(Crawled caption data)
···

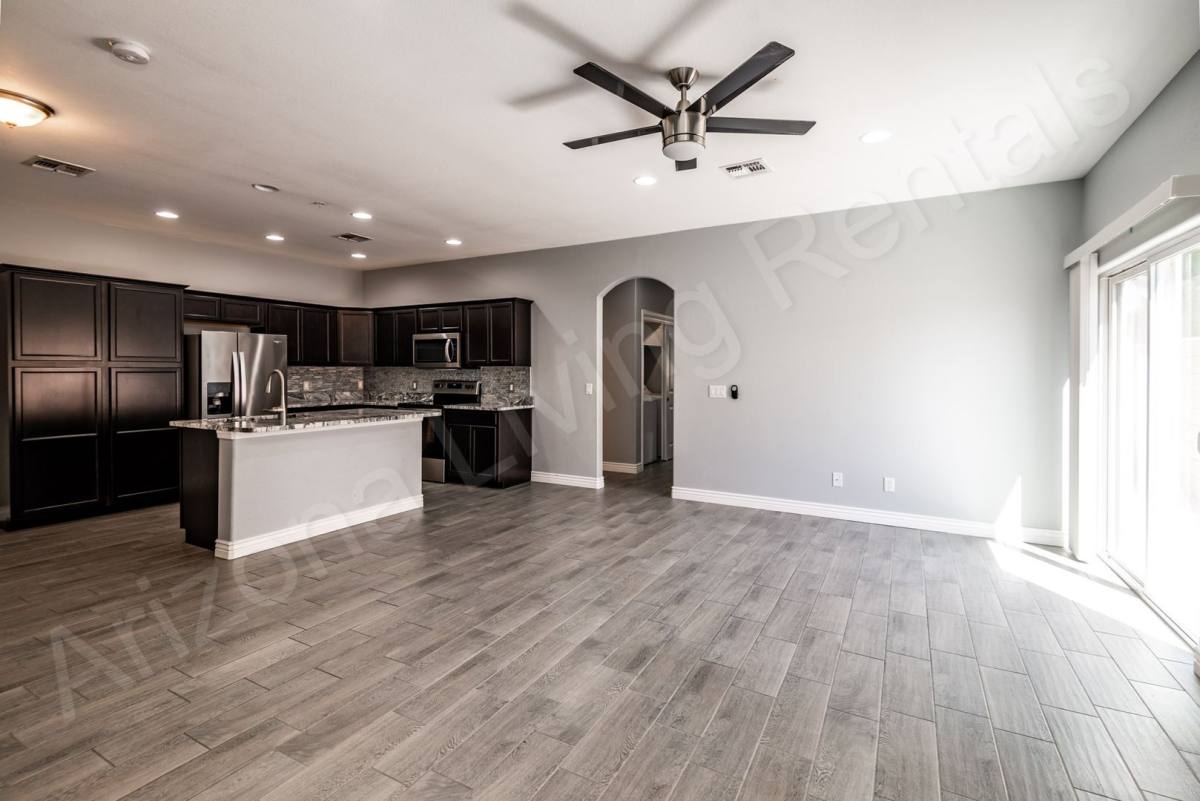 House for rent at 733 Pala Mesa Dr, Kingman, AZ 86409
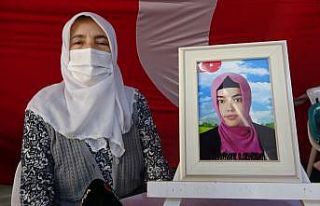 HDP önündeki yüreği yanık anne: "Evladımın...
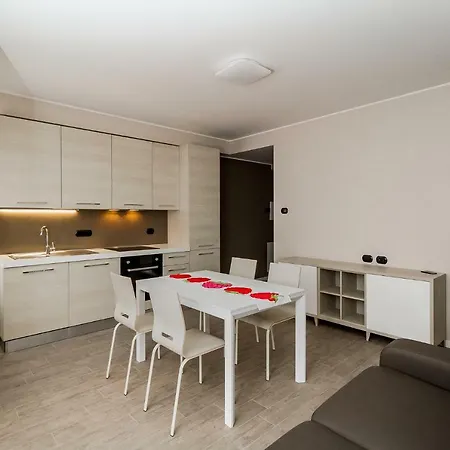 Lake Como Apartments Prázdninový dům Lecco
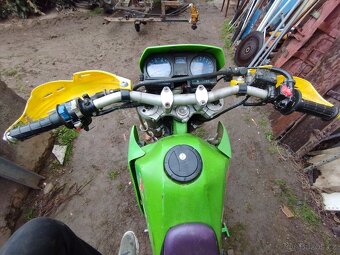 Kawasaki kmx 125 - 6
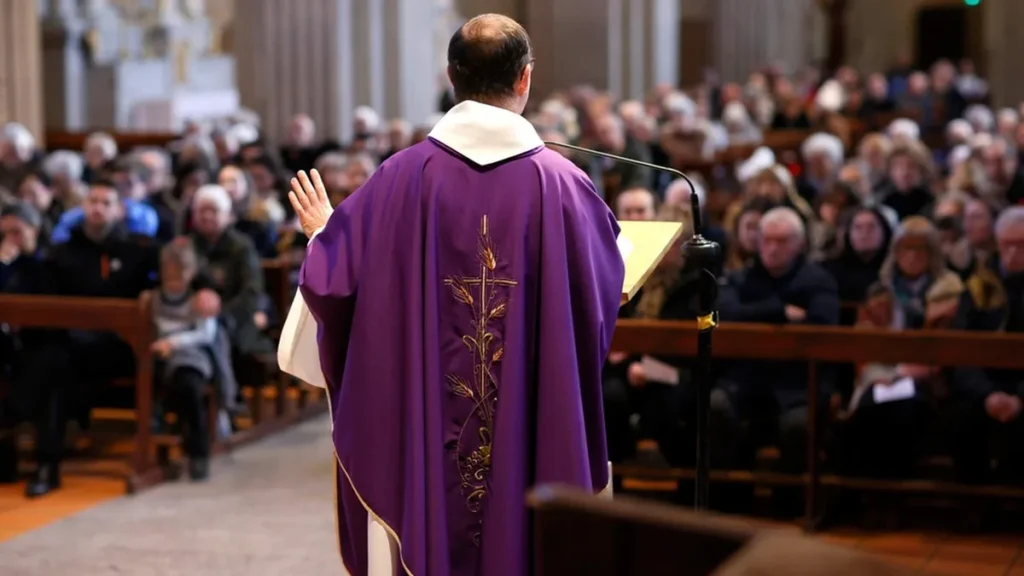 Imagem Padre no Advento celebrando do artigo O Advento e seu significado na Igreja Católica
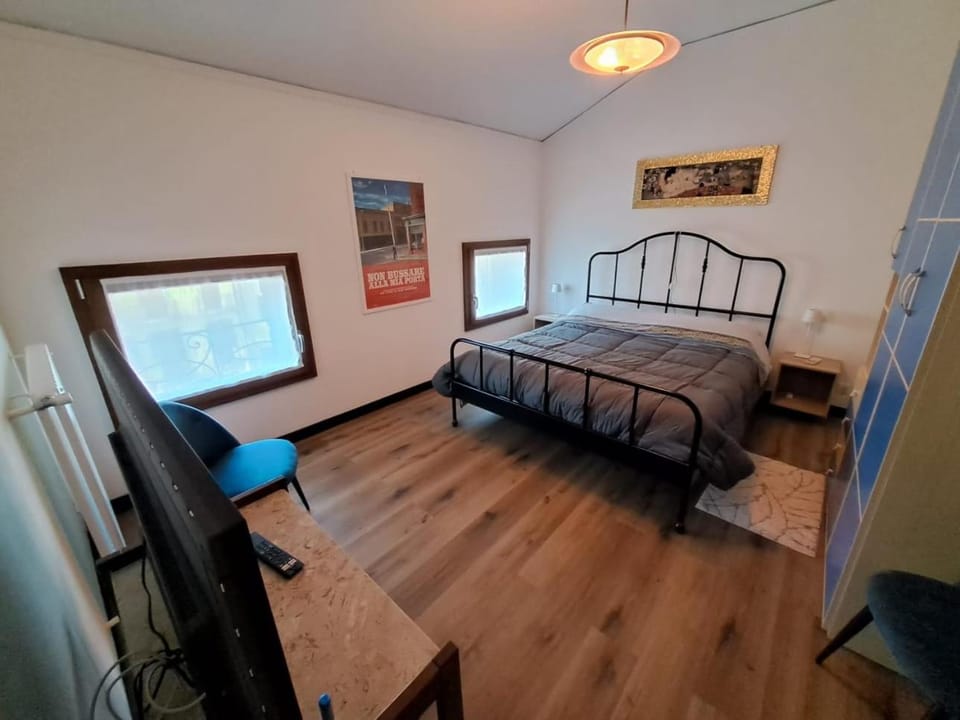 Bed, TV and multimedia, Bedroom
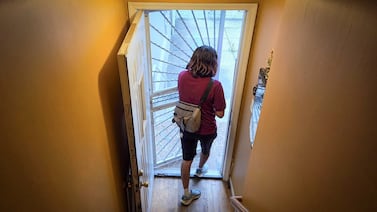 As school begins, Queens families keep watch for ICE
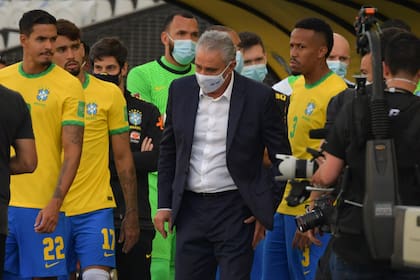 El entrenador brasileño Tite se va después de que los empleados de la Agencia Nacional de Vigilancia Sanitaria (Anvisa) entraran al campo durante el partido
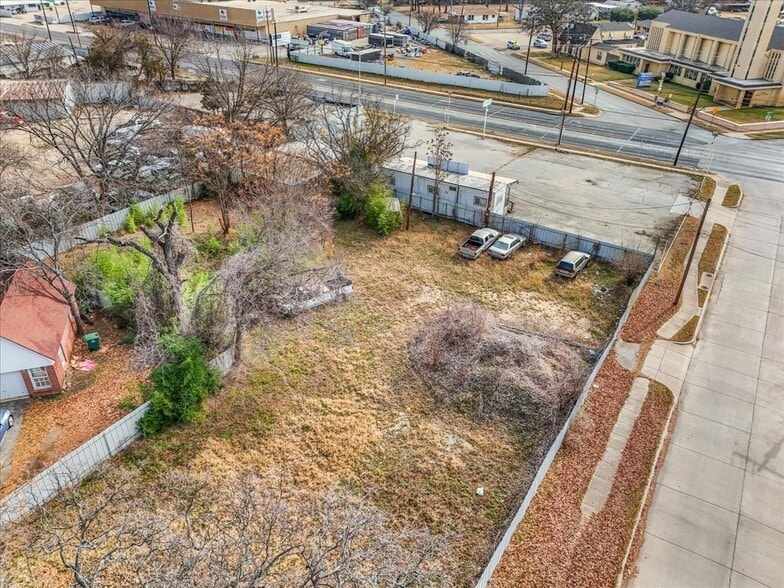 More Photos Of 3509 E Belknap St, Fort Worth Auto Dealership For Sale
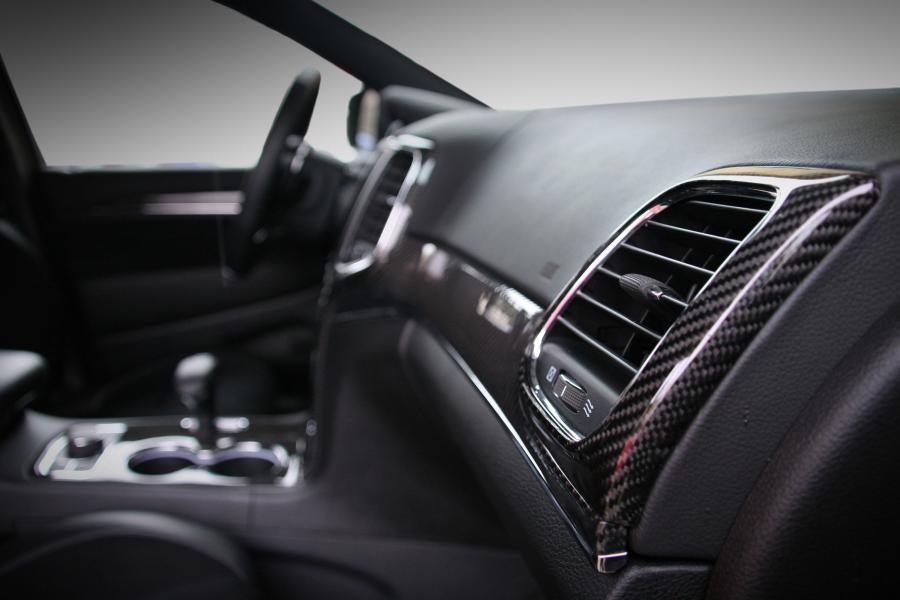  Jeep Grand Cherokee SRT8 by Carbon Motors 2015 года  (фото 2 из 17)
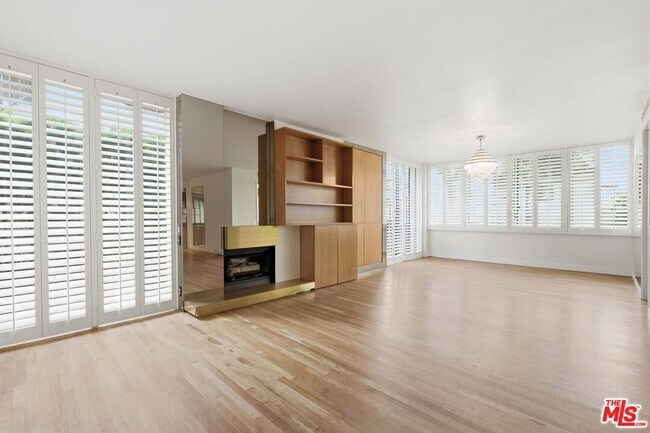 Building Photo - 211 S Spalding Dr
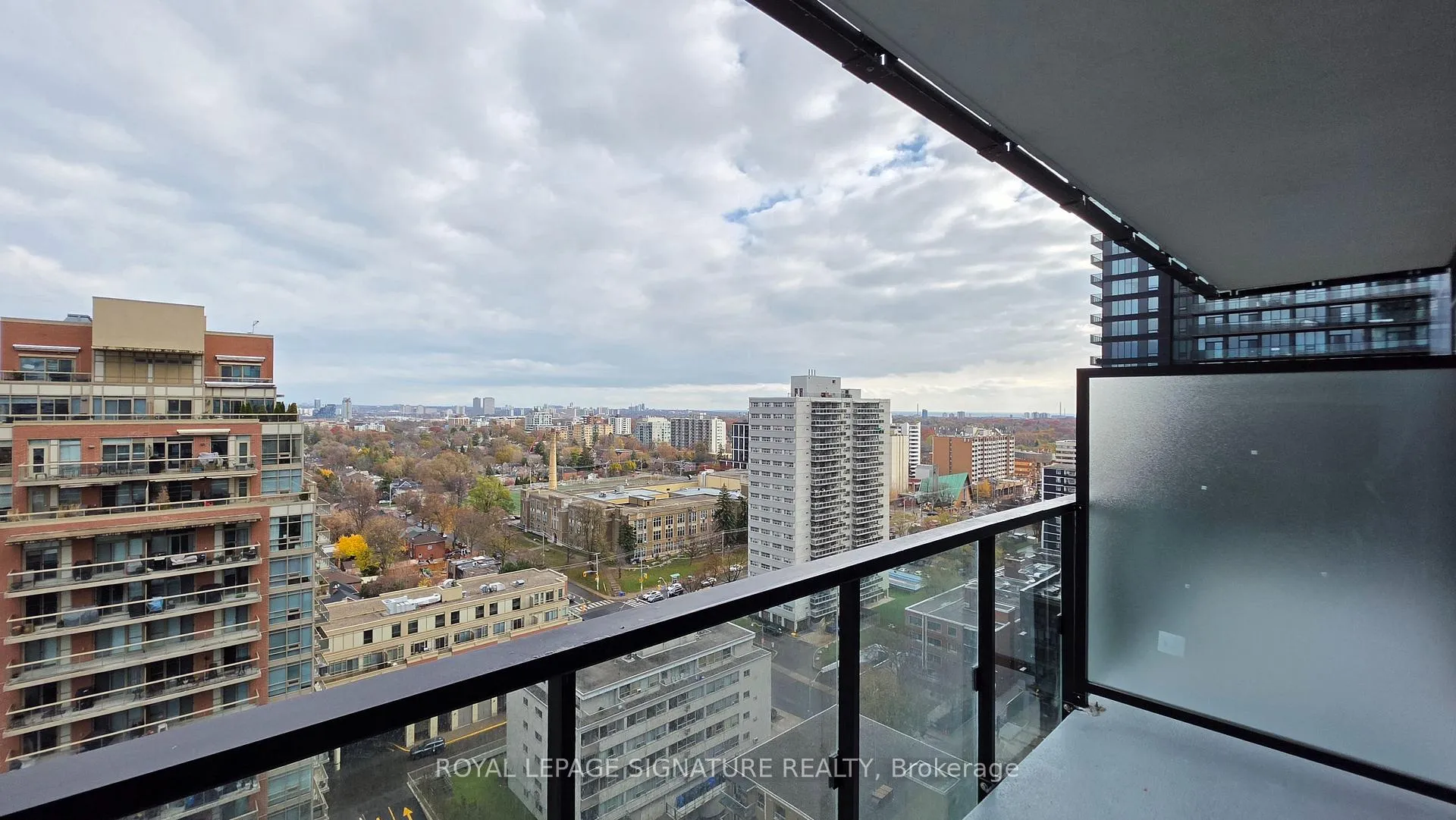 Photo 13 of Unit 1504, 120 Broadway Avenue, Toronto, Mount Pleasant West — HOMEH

···

What the task asks:
Set the pictures aside and reproduce exactly the lines above, from the line holding "Kawasaki kmx 125 - 6" through the line holding "Jeep Grand Cherokee", both included, with nothing else.

Response:
 Kawasaki kmx 125 - 6
 Imagem Padre no Advento celebrando do artigo O Advento e seu significado na Igreja Católica
 Bed, TV and multimedia, Bedroom
 As school begins, Queens families keep watch for ICE
 El entrenador brasileño Tite se va después de que los empleados de la Agencia Nacional de Vigilancia Sanitaria (Anvisa) entraran al campo durante el partido
 More Photos Of 3509 E Belknap St, Fort Worth Auto Dealership For Sale
  Jeep Grand Cherokee SRT8 by Carbon Motors 2015 года  (фото 2 из 17)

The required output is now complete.